ふたりが並ぶと、王弟の背丈はハヤッタの肩ほどだった。

「その眼鏡の下の目は、緑色なのではないですか。だとすると、すべてに説明がつくのです」

 とブルフログが言い、王弟はハヤッタの眼鏡の下から、その瞳を覗き込んだ。


「言っていることがわからない。何がどのように説明がつくというのか」

 と国王が言った。


「つまり、緑目だった王子はリマナマリ王妃とハヤッタの子供で、黒目王子はすり替えられた他人よその子であるのではないかと考えられます」

「どうして、誰がそんなことを何のためにするのだ」

「緑目の子供が、兄王から生まれるはずがないからです」


「だとしたら、緑目のほうはどこにいるのだ」

「緑目と言えば、すぐに思い浮かぶ人物がおります。ハヤッタが特に目をかけているあの少年、リクイです。ニニンドの学友として宮廷に招き、その館に住まわせているリクイこそ、その緑目王子なのではありませんか」


「なんだと。リクイを学友にすることは、ハヤッタが決めたわけではない。想像が過ぎるのではないか」

「想像か、事実か、それを見抜くのは簡単なこと」

 ブルフログがにやりと笑った。


「ハヤッタが、その眼鏡を外して、その瞳を見せてくれれば、真相が解明いたすでしょう。彼の目は緑色なはず」


 部屋の中は、人が息をしていることも感じられないほど音がなく、今、何かを落としたら大理石の床が鳴り響くだろうというほど静まり返っていた。


「そういうことでしたら、承知いたしました」

 ヤッタの低い声が部屋に響いた。

 

 彼は眼鏡のつるに指をかけて、ゆっくりと持ち上げた。

 ブルフログが近づき、王弟のために、灯りをかかげた。

 ハヤッタが眼鏡を外した。

 彼が目をあけると、灯にうつった瞳は、漆黒しっこくだった。

 

 王弟がよろけて尻もちをつき、ブルフログにぶつかった。

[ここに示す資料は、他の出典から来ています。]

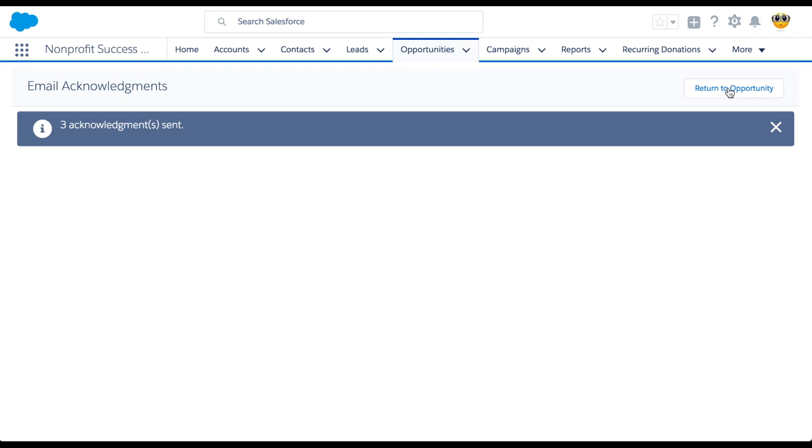Check out the NPSP documentation for more details on configuration and best practices. Thanks for watching!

ブルフログが手にもっていた蝋燭が転がって消え、油が床を流れた。


「申しわけないことをしてしまったようだ」

 ブルフログが王弟を抱き起こそうとしたが、なかなか立ち上がれなかった。彼はブルフログの手を払い、床に両手をついて、ようやく立ち上がった。

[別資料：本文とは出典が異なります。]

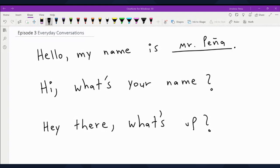We're diving into the essentials of greetings, introductions, and common expressions for everyday interactions. First off, we have 'Hello, my name is...' — for example, 'Hello, my name is Mr. Peña.' Next up, if you want to keep it casual, you can go with 'Hi.' It's a friendly and informal way to greet someone, perfect for your buddies or people you're comfortable with. You can say, 'Hi, what's your name?' Go ahead and say it with me: 'Hi, what's your name?'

「いいえ。眼病のためとはいえ、私が夜でも色のついた眼鏡をかけるなど、不可解な態度をとっていたために、誤解を呼んでしまいました。申し訳ございません」

 とハヤッタが頭を下げた。

 

 国王が王弟に近づいて、よしよしと肩を叩いた。

「いやいや、私としたことが。私は何度もハヤッタと狩りに出かけ、蒸し風呂にもともに入ったがある。その時に、彼の眼鏡なしの姿を見ていたというのに、肝心な時に肝心なことをすぐに思い出せないのは誠に情けないことであった。すまないことをした。最近は年のせいだろうか、記憶力が悪くなって、すぐに思いだせないのだ。マグナカリよ、この兄がそのことをすぐに思いだしていたら、こんな思いをさせないで済んだのに。許されよ」


「いいえ。兄王に、すまないなどと言わせてしまうなどとは、断腸の思いでございます」

 王弟は枯れた百合のようにうなだれて、絹の袖で涙を拭いた。


「先ほどの所見を撤回いたします。私は己が王になれる器でないことはよく承知しております。次の王太子はニニンドに。けれど、その次の王太子はカイリンにするということをお約束ください」

「さてさて、わが弟マグナカリよ。今夜の話はなかったことにしないか。言わなかった、聞かなかった。今夜のことはなかったことにしよう」

 王弟が力なく頷いた。


「カイリンのことは、実にめでたいことだ。こんな大事なことは手順を踏んで、正式に始めようではないか」

「ありがたき幸せにございます」

「では、この件については、日を改めて、話すことにしよう。ハヤッタはどう思うか?」

「はい。陛下と王弟殿下がよしけれど、私に異存などあるはずがありません」

「では、そのように」

 王弟はブルフログに支えられながら部屋を出ていった。


 部屋の緊張が解けて、ぴりぴりしていた空気が凪いだ。

「すまなかった」

 と王が言った。

「いいえ」


「それにしても、弟に子供がいるというのは本当であろうか。重ね重ね、摩訶不思議まかふしぎな夜であった。すべてが夢で、朝になったら、露のように消えているのではないだろうか。そのことは明朝、ゆっくりと話すことにしようではないか」

「わかりました」


 グレトタリム王が立ち去り、部屋には蝋燭の灯りと静寂だけが残っていた。ハヤッタは長い間、その部屋にひとり残って動こうとはしなかった。